Only the lines from the one containing "L'Oréal Paris Lumi" through the final line below belong in the output, copied exactly and without pictures.

Scraped caption text data:
______
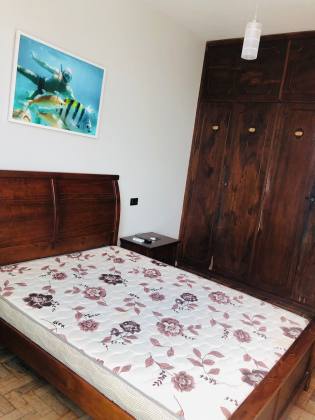 Barra 3/4 com suítes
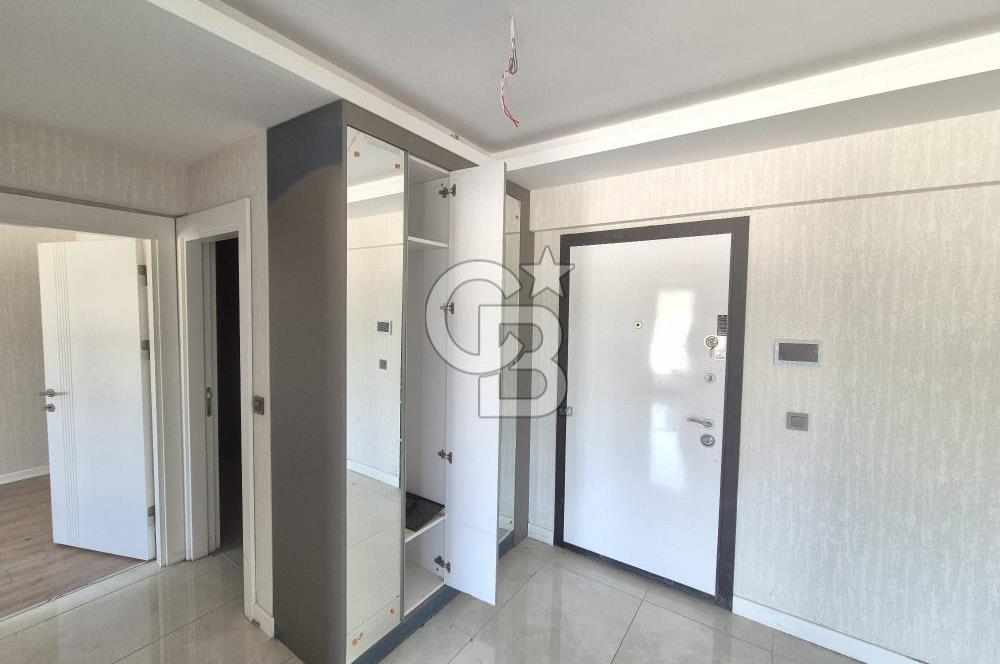 ERYAMAN ŞEKER MAHALLESİNDE BAĞIMSIZ MUTFAKLI KİRALIK 1+1 DAİRE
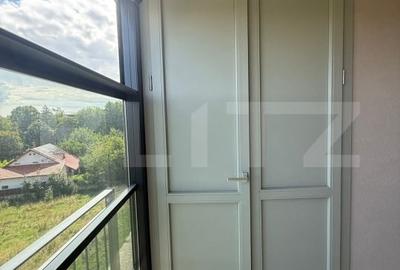 Apartament modern cu 3 camere, bloc nou, zona Cartodrom - 13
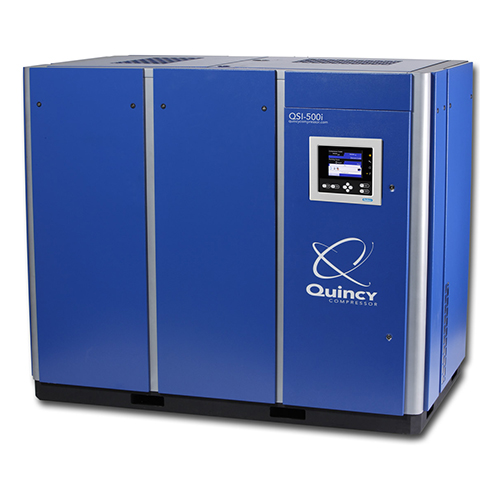 quincy compressor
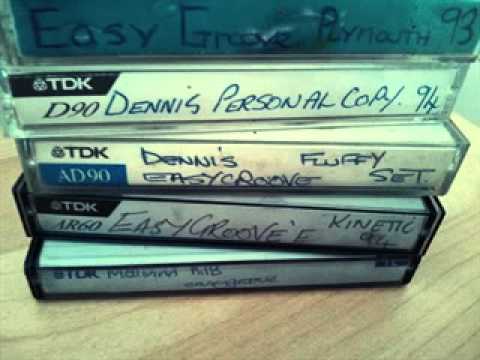 DJ Easygroove - Fluffy Set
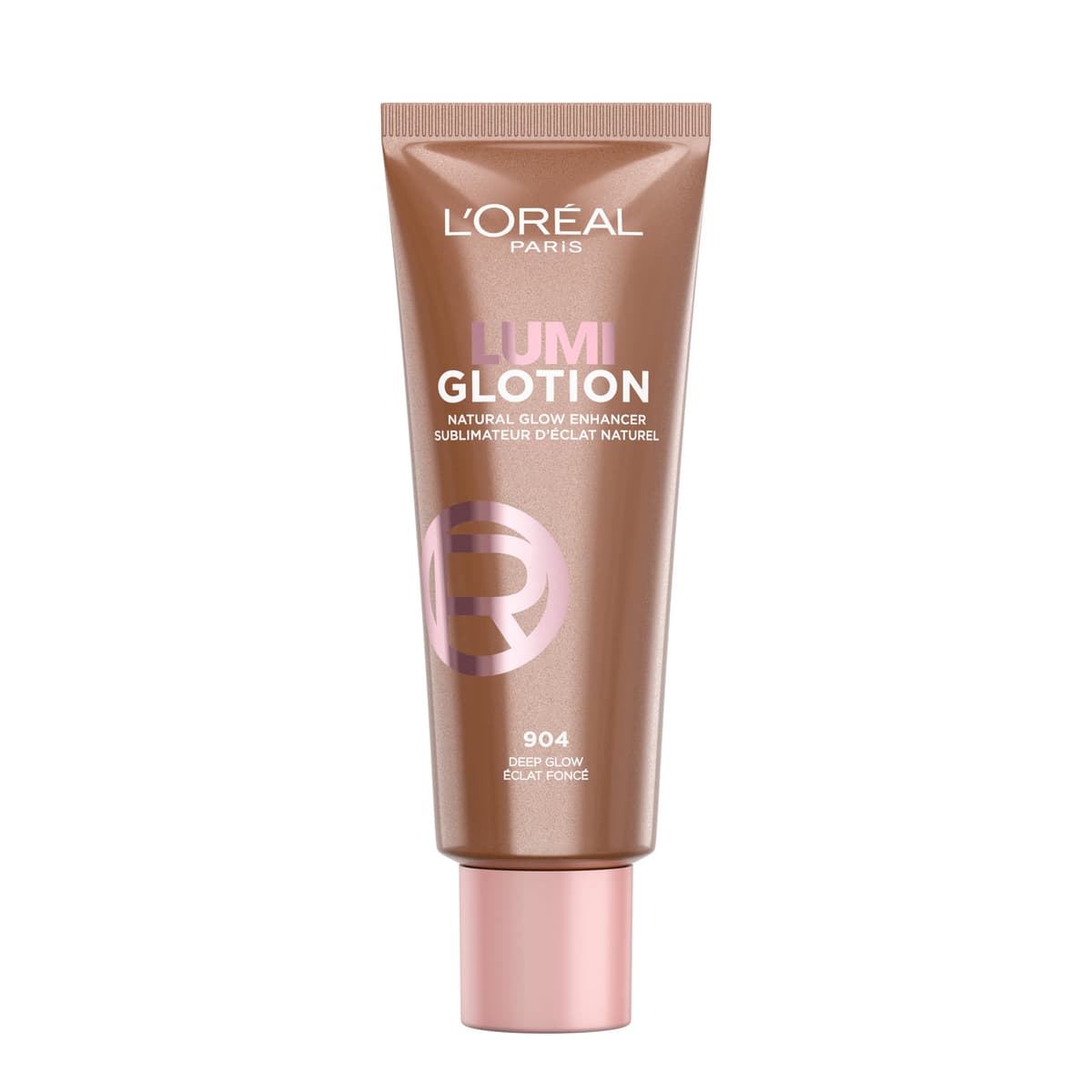 L'Oréal Paris Lumi Glotion fórmula iluminadora, Tono Medium — view 11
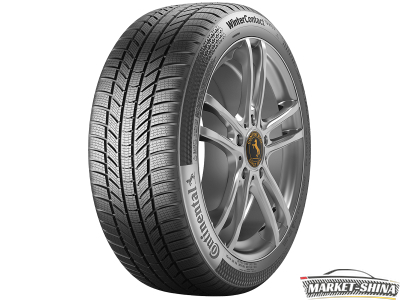 Continental ContiWinterContact TS 870 P 215/55 R18 99V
______
Finished task =>
 L'Oréal Paris Lumi Glotion fórmula iluminadora, Tono Medium — view 11
 Continental ContiWinterContact TS 870 P 215/55 R18 99V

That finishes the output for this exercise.